When a whale beaches itself near where Suzanne lives, she becomes absorbed in the tragedy. She volunteers to support the trained workers trying to keep the whale alive until it can be pushed back into the ocean. When it drifts back and dies on the beach, she returns again and again to see its decaying carcass.
Refusing to take calls from her ex-husband from prison or to cooperate when his attorney pleads with her to return funds that were signed over to her prior to Alan’s indictment, she decides to make a grand anonymous philanthropic contribution to the organization that tried to save the whale. She rationalizes that the ill-gotten assets are going to a good cause.
She sets in motion events that encompass her ex-husband, their son Noah, Alan’s new wife and baby and his estranged mother who is seeking a reunion.
D’Erasmo has created a haunting tragedy, offering finely sliced moral issues and challenging questions of accountability. The questions she raises linger long after you’ve read the last words. Suzanne is both easy to identify with and oblivious to her own role in events.
“I mean, look: sure, you can call me complicit, but there’s complicit and complicit, isn’t there? It isn’t only one thing, one label that explains everything in every situation,” Suzanne says. “There isn’t complicity but complicities, errors of different sizes, plus there are other factors, choices that in hindsight maybe weren’t right, but in the moment it seemed different.”
The Author: Stacey D’Erasmo (1961 – )
Stacey D’Erasmo has written five acclaimed novels and a book of nonfiction, THE ART OF INTIMACY: THE SPACE BETWEEN.
Her first novel, TEA, was selected as a New York Times Notable Book. Her second, A SEAHORSE YEAR, was named a Best Book of the Year by the San Francisco Chronicle and Newsday and won both a Lambda Literary Award and a Ferro-Grumley Award. Her fourth novel WONDERLAND, was named one of the 10 best books of 2014 by Time and the BBC and among the best books of the year by NPR.

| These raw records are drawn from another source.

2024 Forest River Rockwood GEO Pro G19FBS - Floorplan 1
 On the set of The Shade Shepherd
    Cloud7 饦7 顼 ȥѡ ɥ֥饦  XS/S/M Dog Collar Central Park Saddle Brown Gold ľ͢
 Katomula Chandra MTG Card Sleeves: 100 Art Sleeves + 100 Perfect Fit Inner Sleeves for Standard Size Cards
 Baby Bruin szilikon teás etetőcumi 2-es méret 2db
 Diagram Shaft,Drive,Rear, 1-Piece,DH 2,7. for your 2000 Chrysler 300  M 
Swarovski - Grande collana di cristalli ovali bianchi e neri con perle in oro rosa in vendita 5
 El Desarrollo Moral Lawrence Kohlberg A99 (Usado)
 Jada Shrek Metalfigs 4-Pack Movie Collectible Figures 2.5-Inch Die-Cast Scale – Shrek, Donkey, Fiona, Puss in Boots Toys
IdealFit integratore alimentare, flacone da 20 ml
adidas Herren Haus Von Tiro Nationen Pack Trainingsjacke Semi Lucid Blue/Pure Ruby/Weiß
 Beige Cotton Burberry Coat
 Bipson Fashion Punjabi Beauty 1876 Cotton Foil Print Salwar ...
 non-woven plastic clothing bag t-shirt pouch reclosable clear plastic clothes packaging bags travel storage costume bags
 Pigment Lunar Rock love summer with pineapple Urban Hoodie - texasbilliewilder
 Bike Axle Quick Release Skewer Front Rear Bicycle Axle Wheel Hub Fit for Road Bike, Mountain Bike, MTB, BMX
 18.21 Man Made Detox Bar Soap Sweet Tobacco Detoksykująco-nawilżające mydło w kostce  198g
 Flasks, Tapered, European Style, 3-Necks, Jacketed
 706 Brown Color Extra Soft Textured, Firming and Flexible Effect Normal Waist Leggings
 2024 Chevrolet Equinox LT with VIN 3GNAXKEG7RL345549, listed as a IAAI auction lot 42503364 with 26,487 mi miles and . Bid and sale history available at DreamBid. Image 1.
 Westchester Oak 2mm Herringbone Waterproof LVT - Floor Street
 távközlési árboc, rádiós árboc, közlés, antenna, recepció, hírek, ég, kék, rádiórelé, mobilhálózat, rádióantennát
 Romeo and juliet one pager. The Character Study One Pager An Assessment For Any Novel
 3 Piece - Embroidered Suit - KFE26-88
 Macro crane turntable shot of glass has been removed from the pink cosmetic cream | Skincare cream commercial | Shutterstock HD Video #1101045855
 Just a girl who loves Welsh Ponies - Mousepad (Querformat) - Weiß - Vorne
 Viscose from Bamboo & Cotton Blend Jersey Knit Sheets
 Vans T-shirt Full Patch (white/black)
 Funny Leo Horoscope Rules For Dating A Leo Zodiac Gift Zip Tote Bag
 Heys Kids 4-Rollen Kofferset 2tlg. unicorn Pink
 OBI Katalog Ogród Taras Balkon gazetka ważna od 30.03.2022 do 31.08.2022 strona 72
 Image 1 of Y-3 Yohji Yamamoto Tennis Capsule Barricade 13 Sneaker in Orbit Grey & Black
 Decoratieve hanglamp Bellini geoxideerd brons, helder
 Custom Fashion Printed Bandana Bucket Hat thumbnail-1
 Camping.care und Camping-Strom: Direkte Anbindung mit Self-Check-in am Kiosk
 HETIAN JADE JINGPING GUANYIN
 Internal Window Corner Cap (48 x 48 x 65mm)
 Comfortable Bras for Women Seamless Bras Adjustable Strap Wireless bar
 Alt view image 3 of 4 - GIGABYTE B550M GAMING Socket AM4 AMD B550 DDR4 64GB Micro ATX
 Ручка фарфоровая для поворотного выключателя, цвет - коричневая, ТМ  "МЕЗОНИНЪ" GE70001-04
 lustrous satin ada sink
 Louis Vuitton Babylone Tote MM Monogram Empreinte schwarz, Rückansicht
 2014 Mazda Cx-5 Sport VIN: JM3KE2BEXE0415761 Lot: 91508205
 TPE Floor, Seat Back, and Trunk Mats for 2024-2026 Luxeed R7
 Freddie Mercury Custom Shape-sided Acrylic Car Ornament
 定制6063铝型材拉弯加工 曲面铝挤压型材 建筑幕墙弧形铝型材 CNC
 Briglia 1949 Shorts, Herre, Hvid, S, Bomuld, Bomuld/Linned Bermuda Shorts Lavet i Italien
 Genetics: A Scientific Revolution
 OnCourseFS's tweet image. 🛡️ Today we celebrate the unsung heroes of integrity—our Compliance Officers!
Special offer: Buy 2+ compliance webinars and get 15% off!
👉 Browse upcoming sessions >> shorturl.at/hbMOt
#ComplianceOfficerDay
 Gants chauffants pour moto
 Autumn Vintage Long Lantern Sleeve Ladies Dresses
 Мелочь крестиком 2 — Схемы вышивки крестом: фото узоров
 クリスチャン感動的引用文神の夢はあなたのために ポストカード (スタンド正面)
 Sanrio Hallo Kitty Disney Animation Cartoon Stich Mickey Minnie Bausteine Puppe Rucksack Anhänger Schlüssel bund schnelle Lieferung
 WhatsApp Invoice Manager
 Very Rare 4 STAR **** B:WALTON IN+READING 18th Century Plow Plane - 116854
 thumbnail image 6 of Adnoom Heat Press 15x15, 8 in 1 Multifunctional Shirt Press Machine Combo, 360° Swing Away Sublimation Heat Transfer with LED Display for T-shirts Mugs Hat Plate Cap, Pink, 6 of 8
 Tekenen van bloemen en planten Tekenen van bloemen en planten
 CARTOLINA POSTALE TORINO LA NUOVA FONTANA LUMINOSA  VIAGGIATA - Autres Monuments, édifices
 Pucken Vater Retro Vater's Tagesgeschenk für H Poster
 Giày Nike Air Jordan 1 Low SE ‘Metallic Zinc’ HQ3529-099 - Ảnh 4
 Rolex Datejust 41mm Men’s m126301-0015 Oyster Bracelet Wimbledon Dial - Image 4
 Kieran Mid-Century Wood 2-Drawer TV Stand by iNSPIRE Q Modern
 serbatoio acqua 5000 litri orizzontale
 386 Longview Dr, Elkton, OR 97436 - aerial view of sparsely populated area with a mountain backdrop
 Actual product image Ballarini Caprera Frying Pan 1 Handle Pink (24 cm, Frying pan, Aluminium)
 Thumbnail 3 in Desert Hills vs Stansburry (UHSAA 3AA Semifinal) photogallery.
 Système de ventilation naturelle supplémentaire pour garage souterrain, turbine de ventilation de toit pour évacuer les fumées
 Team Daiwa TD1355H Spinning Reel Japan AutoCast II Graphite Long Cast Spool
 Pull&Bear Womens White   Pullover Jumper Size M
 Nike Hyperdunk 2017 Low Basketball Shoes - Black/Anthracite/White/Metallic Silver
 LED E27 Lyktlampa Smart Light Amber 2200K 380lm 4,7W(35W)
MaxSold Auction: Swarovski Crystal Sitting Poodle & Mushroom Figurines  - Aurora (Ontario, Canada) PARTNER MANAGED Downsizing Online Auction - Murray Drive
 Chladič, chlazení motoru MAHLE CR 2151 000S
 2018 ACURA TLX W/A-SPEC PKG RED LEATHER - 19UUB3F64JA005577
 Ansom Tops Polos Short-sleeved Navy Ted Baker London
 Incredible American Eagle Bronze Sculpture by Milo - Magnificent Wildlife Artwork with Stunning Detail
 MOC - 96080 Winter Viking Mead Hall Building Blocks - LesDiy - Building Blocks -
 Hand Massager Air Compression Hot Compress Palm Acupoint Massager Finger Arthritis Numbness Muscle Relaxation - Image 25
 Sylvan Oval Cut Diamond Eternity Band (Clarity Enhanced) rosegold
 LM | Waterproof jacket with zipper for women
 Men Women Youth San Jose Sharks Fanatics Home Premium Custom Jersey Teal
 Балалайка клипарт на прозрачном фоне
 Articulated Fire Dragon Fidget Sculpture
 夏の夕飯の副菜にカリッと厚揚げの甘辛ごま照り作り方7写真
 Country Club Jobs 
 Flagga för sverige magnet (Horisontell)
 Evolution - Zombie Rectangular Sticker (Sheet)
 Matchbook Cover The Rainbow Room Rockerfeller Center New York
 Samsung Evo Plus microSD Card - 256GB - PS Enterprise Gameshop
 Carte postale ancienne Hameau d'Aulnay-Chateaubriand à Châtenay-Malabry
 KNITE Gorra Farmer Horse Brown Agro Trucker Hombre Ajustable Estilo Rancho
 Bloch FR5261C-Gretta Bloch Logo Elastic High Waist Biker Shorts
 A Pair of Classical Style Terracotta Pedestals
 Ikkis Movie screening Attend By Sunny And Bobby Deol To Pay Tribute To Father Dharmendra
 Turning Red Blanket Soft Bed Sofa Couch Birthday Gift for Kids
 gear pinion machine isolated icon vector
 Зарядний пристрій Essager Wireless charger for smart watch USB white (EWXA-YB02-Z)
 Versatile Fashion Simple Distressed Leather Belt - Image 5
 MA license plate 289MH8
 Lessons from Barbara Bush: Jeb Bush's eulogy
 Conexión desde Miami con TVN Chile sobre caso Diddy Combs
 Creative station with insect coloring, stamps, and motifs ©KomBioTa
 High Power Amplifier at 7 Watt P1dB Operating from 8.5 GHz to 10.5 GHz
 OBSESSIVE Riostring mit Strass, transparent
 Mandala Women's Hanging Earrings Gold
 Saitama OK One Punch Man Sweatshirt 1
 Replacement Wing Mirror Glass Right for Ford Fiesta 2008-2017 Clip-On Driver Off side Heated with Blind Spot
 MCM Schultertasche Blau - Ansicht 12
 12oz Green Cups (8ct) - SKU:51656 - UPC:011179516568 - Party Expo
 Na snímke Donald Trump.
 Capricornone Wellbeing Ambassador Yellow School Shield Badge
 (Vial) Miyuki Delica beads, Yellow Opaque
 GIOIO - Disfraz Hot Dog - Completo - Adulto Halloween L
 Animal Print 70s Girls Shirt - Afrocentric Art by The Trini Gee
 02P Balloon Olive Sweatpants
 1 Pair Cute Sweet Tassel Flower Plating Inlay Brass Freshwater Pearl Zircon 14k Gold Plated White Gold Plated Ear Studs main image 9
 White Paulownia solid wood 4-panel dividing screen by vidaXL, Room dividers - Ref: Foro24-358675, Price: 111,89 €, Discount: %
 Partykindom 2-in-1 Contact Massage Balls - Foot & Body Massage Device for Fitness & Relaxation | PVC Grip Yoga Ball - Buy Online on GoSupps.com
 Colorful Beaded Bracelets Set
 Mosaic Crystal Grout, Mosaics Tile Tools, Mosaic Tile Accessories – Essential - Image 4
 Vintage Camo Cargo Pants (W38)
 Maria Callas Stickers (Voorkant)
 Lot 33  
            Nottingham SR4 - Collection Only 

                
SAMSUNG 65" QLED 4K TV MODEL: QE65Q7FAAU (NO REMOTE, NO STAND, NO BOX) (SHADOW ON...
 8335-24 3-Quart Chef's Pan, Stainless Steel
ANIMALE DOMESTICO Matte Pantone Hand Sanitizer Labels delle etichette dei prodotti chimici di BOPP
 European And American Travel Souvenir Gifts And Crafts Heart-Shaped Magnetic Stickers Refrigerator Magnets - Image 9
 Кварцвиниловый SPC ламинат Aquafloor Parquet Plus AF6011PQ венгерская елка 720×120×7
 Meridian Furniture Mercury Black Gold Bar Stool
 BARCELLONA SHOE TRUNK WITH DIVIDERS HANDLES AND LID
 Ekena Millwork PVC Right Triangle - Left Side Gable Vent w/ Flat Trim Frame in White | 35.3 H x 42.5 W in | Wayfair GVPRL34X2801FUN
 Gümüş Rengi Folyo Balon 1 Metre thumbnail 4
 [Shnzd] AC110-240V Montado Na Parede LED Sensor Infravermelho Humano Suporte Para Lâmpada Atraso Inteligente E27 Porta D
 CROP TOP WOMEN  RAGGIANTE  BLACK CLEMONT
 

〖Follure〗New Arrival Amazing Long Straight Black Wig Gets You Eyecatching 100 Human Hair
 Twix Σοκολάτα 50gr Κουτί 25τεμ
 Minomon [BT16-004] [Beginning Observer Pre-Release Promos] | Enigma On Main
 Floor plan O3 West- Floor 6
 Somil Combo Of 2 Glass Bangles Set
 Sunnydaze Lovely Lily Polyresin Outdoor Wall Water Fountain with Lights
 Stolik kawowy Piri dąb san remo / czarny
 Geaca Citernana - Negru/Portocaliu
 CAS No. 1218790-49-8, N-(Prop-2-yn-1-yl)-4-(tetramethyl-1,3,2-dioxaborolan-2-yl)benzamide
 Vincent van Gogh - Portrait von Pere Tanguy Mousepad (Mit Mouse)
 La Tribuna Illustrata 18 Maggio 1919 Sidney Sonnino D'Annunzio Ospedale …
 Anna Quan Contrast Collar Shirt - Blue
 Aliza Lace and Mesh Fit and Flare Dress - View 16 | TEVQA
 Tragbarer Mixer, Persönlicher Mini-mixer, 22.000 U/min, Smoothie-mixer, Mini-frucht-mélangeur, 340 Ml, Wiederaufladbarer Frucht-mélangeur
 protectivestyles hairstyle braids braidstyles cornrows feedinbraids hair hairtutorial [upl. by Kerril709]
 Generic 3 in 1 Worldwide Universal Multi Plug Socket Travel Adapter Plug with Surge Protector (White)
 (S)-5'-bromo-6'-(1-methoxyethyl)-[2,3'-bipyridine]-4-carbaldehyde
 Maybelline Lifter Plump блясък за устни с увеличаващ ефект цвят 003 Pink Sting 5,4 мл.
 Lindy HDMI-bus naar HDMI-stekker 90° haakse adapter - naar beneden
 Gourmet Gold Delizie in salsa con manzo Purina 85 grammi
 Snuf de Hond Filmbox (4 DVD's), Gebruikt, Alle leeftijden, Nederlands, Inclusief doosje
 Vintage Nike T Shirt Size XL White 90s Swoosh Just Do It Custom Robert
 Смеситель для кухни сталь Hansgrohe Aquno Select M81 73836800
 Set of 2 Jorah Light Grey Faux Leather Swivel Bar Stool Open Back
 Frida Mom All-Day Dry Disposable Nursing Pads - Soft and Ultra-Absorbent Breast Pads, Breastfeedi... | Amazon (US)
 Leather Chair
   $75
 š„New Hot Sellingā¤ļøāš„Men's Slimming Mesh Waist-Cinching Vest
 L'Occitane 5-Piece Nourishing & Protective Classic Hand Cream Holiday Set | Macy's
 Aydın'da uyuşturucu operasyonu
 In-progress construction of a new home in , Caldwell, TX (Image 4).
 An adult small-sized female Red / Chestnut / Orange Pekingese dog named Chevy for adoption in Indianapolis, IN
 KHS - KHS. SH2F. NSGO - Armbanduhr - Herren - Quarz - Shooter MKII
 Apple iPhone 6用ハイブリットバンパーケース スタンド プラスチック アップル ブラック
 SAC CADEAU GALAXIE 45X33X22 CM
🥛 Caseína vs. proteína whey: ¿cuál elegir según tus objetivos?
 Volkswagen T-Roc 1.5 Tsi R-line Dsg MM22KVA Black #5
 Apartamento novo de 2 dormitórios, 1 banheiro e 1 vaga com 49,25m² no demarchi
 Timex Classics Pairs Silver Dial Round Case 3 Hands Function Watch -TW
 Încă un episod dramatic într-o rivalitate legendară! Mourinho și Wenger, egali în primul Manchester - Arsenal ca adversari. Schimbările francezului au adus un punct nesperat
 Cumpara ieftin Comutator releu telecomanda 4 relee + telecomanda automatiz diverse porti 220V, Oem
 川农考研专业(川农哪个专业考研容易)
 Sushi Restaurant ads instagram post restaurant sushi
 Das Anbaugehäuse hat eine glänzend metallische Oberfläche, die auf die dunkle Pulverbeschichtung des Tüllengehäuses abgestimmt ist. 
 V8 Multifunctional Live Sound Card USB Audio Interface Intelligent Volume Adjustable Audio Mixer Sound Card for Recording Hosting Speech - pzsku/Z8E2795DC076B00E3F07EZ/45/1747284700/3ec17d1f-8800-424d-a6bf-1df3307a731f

Her articles and podcasts have been published in The New York Times Book Review, New York Times Magazine, Ploughshares, Interview, The New Yorker and the Los Angeles Times.
She is frequently a faculty member at the Breadloaf Writers Conference; was a Stegner Fellow in Fiction at Stanford University; received a 2009 Guggenheim Fellowship in Fiction and was the 2010-11 Sovern/Columbia Affiliated Fellow at the American Academy in Rome.
She holds a bachelor’s degree from Barnard College and a master’s in English and American literature from New York University. She was a senior editor at The Village Voice Literary Supplement from 1988 to 1995.
She currently is an associate professor of writing and publishing practices at Fordham University in New York City.